# Форум на русском языке  > Новости  > Новости компьютерной безопасности  >  Новая модификация червя Morto заражает файлы

## CyberWriter

Специалистам Microsoft удалось обнаружить новую модификацию червя Morto. Данная модификация способна заражать EXE-файлы, находящиеся на встроенных и съемных дисках, а также в административных, совместно используемых, каталогах и протоколах удаленного рабочего стола (RDP).

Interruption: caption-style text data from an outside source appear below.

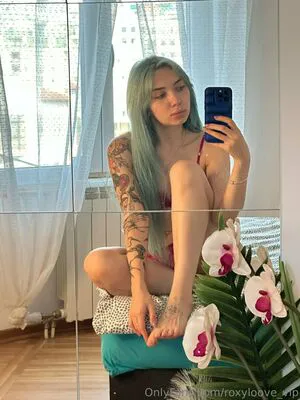 Roxyloove Vip OnlyFans Leaked Free Thumbnail Picture - #XH9ciKWX8k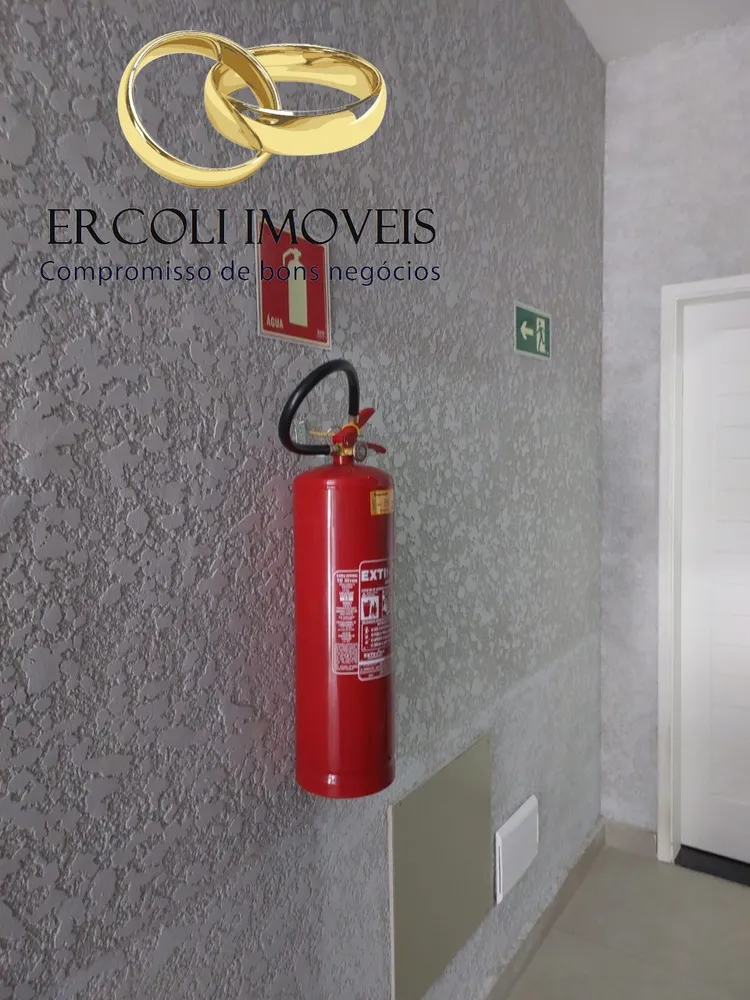 Apartamento, 2 quartos, 35 m² - Foto 3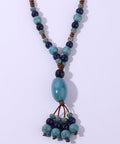 Classic Necklace with Timeless Appeal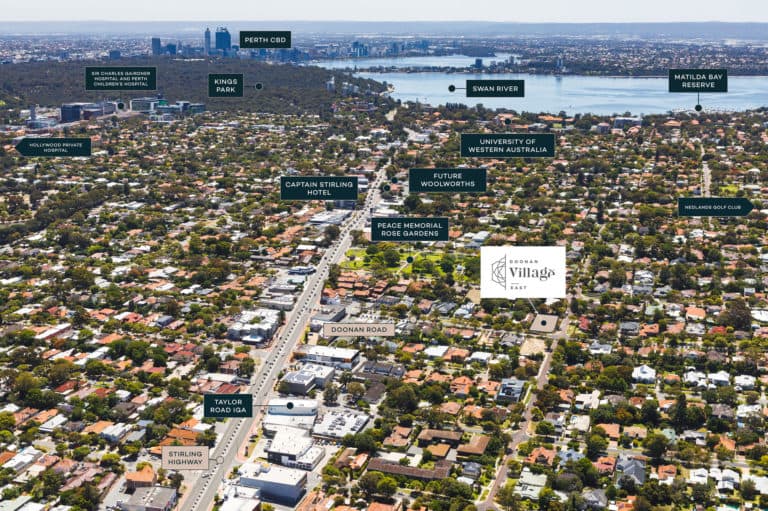 20 Doonan Road, Nedlands - Thumbnail 8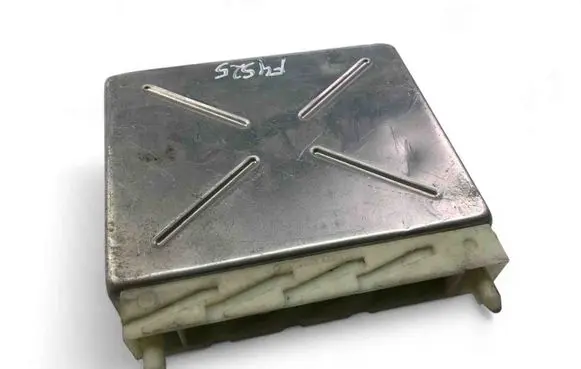 Gearbox control unit/module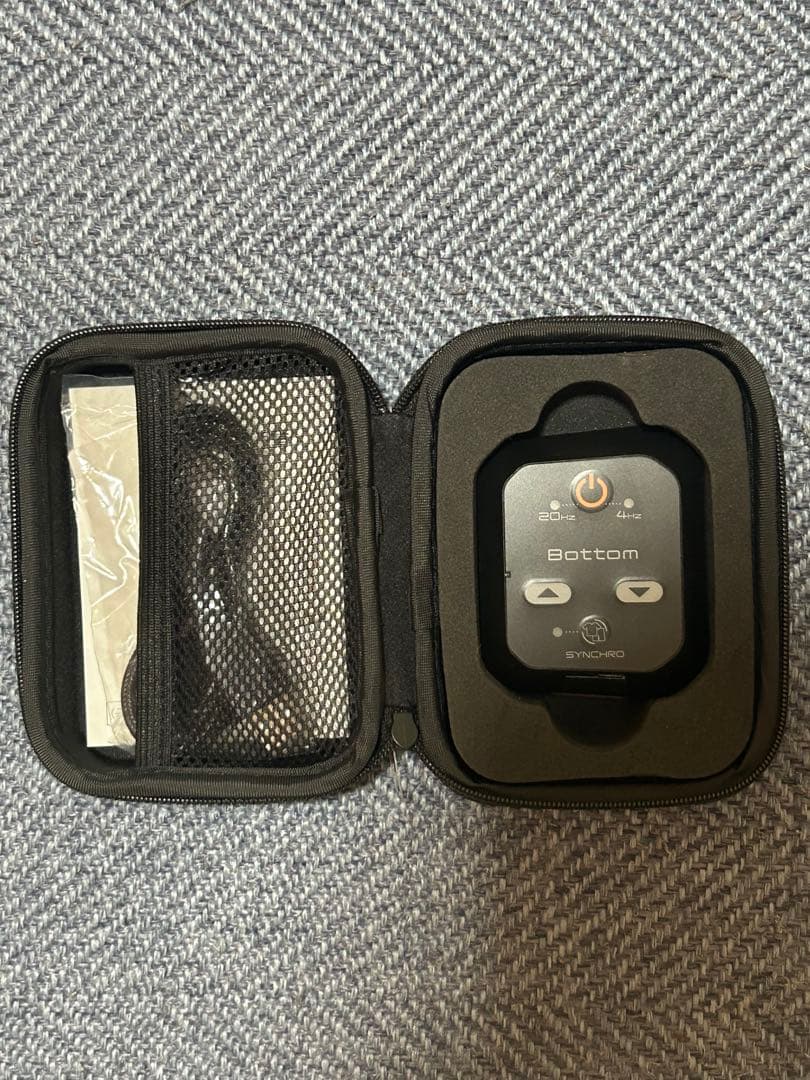 シックスパッド パワースーツ 下 レディースLサイズ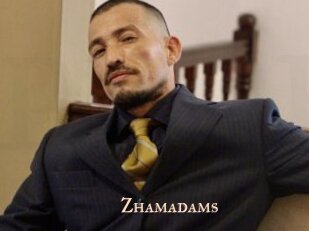 Zhamadams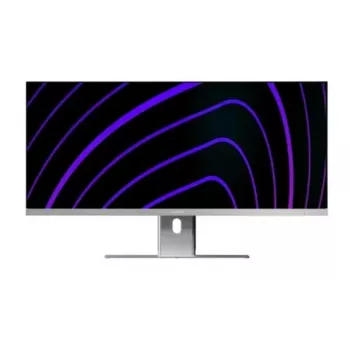 Alogic Edge 40C2KPD LED monitors 101,6 cm (40) UWQHD – HDMI/DP/USB-C/LAN – sudraba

При этом, как заявляют представители Microsoft, червь не инфицирует файлы: 'windows', 'winnt', 'qq', 'Outlook', 'System Volume Information' или 'RECYCLER'. Исследователи также отмечают, что новая модификация Morto оставляет в инфицированных файлах свою «метку» в виде записей «PPIF». 
Как и его предшественник, о котором Microsoft предупреждала пользователей в прошлом году, новая модификация Morto способна соединяться с удаленным сервером, загружая на компьютер жертвы дополнительную информацию, и обновляя собственные компоненты. Червь также отключает локальные приложения, отвечающие за безопасность инфицированной системы.
Microsoft призывает пользователей соблюдать максимальную осторожность, а также использовать максимально сложные пароли и объект-мьютекс "Global\_PPIftSvc", позволяющий избежать запуска нескольких копий вируса в системе.

anti-malware.ru

----------

Надоело быть жертвой? Стань профи по информационной безопасности, получай самую свежую информацию об угрозах и средствах защиты от ведущего российского аналитического центра Anti-Malware.ru:

----------


## valho

Какое то ч.о из другого города начал сканить мне на одном компе RDP, когда я его включил в винде. Посмотрел в аудите, он там перебирает только английские логины вроде - administrator, admin, user, owner, test, test1 и т.д.
Посмотрел комп с которого перебирают пароли к терминалу, там стоит Win Server 2003 r2 Enterprise x64 Английский. У кого русские логины похоже вреда от него особо не будет, если тока тормоза.

----------